Il aura donc fallu à Monsieur Bordas un tragique échec pour qu’il sorte de sa léthargie pédagogique. C’est que Monsieur Bordas n’est pas un saint. Mais nous non plus. Alors, sommes-nous condamnés, comme lui, à ce que l’irréversibilité de la première erreur ne serve qu’à éviter la seconde ? Ou bien, pouvons-nous espérer faire l’économie de cette première erreur ? L’expérience de Monsieur Bordas, portée par la qualité de l’expression littéraire de François Mauriac, aurait-elle quelque chance, si nous la lisons et nous laissons interroger par elle, de nous permettre d’accéder directement à une détermination éthique capable de nous éviter de tels déboires ? La littérature nous permettrait-elle de faire ici une « expérience sans dégâts » ? La médiation du texte, où nous pouvons nous projeter tout en maintenant notre distance avec lui, peut-elle être considérée, sans rien enlever à la force de la rencontre littéraire elle-même, comme un outil de formation pédagogique ?

Je veux le croire. Car, éprouver, à travers un texte, l’émotion étrange d’un éducateur aux prises avec un être dont il veut « le bien » et qu’il ne peut pourtant pas « contrôler », y découvrir la tendresse et la peur qui envahissent un adulte devant l’émergence de l’humain dans l’enfance… retrouver, à la lecture d’un ouvrage, l’inquiétude de ne pas être à la hauteur, la tentation du découragement qui s’instille et la violence du volontarisme qui affleure… Voilà, sans aucun doute, des expériences décisives pour qui se veut un vrai professionnel de l’éducation. Des expériences qui permettent de s’accepter vulnérable, de reconnaître ses faiblesses, de trouver la force et de saisir les occasions pour les surmonter.
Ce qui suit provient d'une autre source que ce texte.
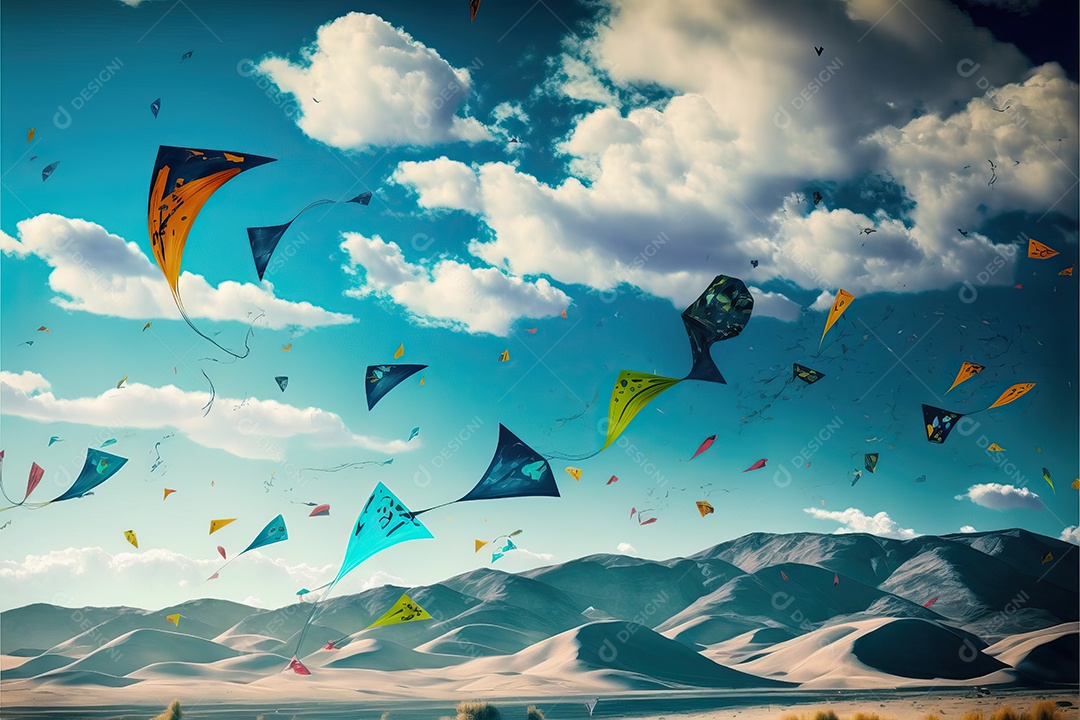 Vários tipos de pipas voando no céu azul entre nuvens em conceito para o festival internacional de pipas.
Des expériences qui peuvent être décisives dans une trajectoire en ce qu’« elles exhibent, comme dit Paul Ricœur, la puissance de clarification, d’examen, d’instruction exercée par l’œuvre à la faveur de la distanciation par rapport à nos propres affects ». Des expériences où l’histoire singulière de chacun est mise à l’épreuve de l’universel : un récit configure ici des événements qui nous sont étrangers en une trame qui nous révèle les enjeux de notre propre existence.
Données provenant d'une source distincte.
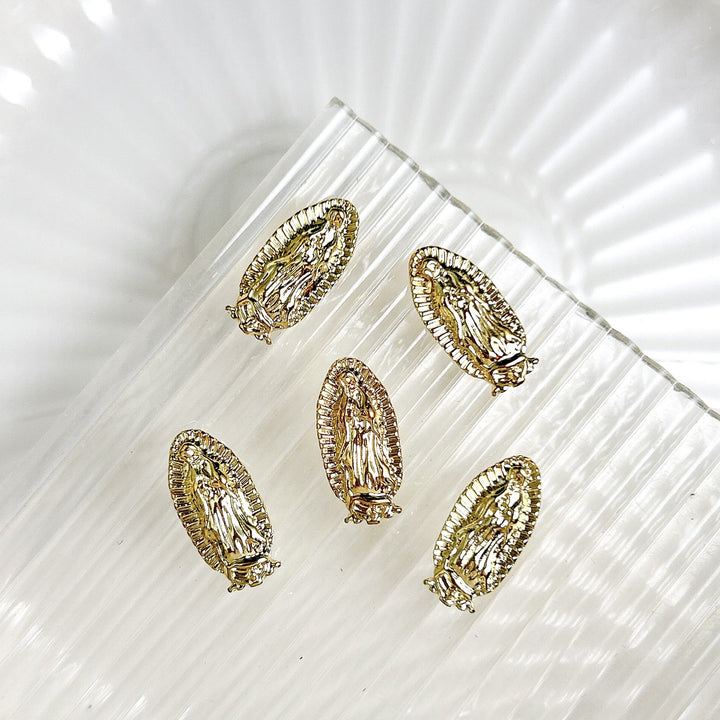 Christianartworkshop Ciondoli per nail art con l'immagine della Madonna di Guadalupe: percorri il sentiero dello stile sacro. - Dorato (confezione da 10 pezzi) - image 2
C’est pourquoi je crois à l’importance, pour tout enseignant et tout au long de sa vie, de la rencontre avec des textes littéraires où la relation intergénérationnelle, les questions éducatives et les problématiques pédagogiques sont abordées au plus près du plus vif. De la littérature grecque au cycle arthurien, du Wilhem Meister de Goethe à Demian d’Hermann Hesse, de Robert Musil à François Mauriac, de Witold Gombrowicz à Russell Banks, ces textes sont innombrables. Nous y trouvons exprimées, avec une force extraordinaire, les tensions fondatrices de l’acte éducatif : l’espoir de se voir prolongé à travers nos filiations et le désir authentique que l’autre s’émancipe, la volonté de protéger celui qui vient et le souci de ne pas l’enfermer, le volontarisme de la transmission et la découverte de la résistance de l’autre à notre détermination, le désir d’être reconnu et aimé pour ce que l’on donne et l’incompréhension devant des êtres et des actes qui, inévitablement, nous échappent…
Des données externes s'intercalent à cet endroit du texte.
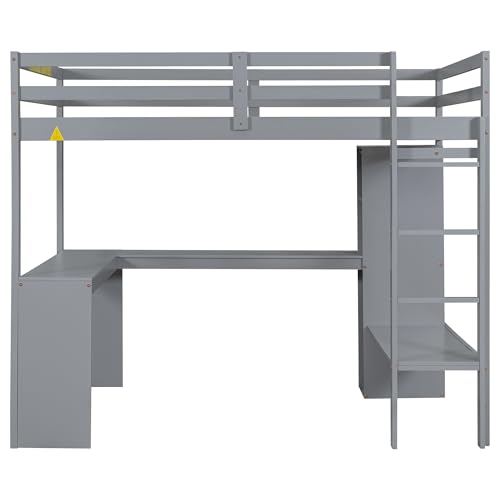 SOFTSEA Full Size Loft Bed with Desk & Wardrobe, White F150304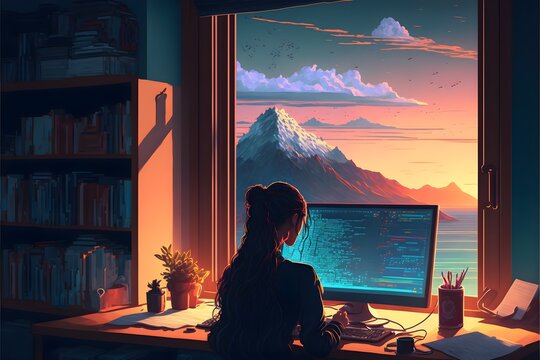 Woman Programmer Writes Code At The Computer Working At Home In Room Window View Mountains And Sea Fantasy Style Soft Colors 3D Intricately Detailed 8k 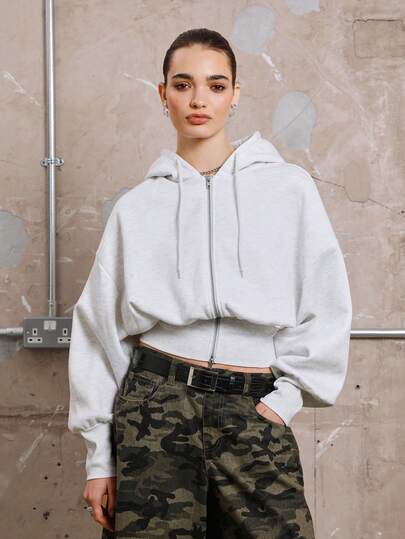 COUREZ Sweat-shirt à capuche surdimensionné avec taille resserrée / Vêtements d'automne Y2K Vêtements d'automne Tenues de sortie pour femmes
Je suis même convaincu que ces œuvres devraient être travaillées en formation initiale et continue et qu’elles peuvent constituer des expériences décisives, susceptibles de mettre en perspective toute une série d’informations techniques qui restent absolument nécessaires mais dont la simple juxtaposition est insuffisante pour découvrir le poids de l’humain dans l’activité éducative. Pour avoir travaillé de multiples manières, avec des étudiants, des stagiaires et des collègues, le magnifique roman de Jeanne Bénameur Les Demeurées, je sais que, sans se substituer aux données scientifiques et aux réflexions didactiques sur la lecture, il peut contribuer à la formation du discernement éducatif et à la perception essentielle des enjeux anthropologiques de l’acte de lire. Et c’est ainsi peut-être, en entrevoyant la portée universelle des situations singulières dans lesquelles nous nous trouvons impliqués, que nous pourrons tenter de ne pas sacrifier - pas trop en tout cas - d’autres Guillou.